Se o plástico ficar preso em terminal de loja, peça que o responsável interrompa o equipamento sem levar o cartão para fora da sua vista. Não permita desmontagem improvisada. Se ele não sair de forma normal, bloqueie o cartão no aplicativo e fale com o emissor.

Em caixa eletrônico, permaneça em local seguro, anote identificação do equipamento e contate o banco pelo canal oficial. Não aceite ajuda de desconhecido, não redigite a senha por orientação de terceiro e não ligue para adesivo suspeito colado no terminal.

Quando não for possível recuperar o cartão imediatamente sob controle do banco, trate o plástico como comprometido: bloqueie, peça cancelamento e monitore a fatura. O roteiro de cartão perdido ou roubado é útil porque a prioridade passa a ser impedir uso indevido, e não apenas restaurar o chip.

Se aparecer compra que você não reconhece, siga o procedimento de cartão clonado e compra não reconhecida sem esperar a nova via chegar.

O banco pode cobrar pela nova via?

A possibilidade de tarifa depende do contrato, da tabela do emissor, da causa da troca e das condições da oferta. Perda, roubo, dano por mau uso, defeito de fabricação e substituição automática não são necessariamente tratados da mesma maneira.

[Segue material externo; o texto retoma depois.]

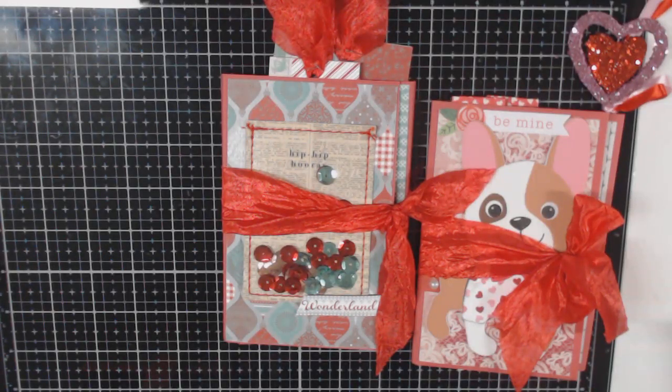Hello everyone, it's Dina aka Getty Girl. This morning I posted my tri-fold folio project share in case you wanted to know how to make these little guys. If you missed that, I'll go ahead and post that link below. Today I'm showing you the finished project.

Antes de concluir o pedido, pergunte:

  • haverá cobrança?
  • qual é o valor total?
  • qual item do contrato ou tabela fundamenta a tarifa?
  • o defeito foi classificado como mau uso ou falha do cartão?
  • existe isenção quando o plástico chegou defeituoso?
  • a entrega da substituição tem custo separado?

O consumidor deve receber informação clara sobre preço e serviço. Se o cartão apresentou defeito sem causa aparente, chegou sem funcionar ou a tarifa contraria a oferta, conteste por protocolo e guarde fotos do estado físico, data de recebimento e registros das tentativas.

Não deixe a fatura inteira vencer por causa da tarifa discutida. Pergunte formalmente ao emissor como tratar o valor contestado e pague a parte reconhecida conforme a orientação registrada, evitando rotativo e pagamento mínimo por um conflito separado.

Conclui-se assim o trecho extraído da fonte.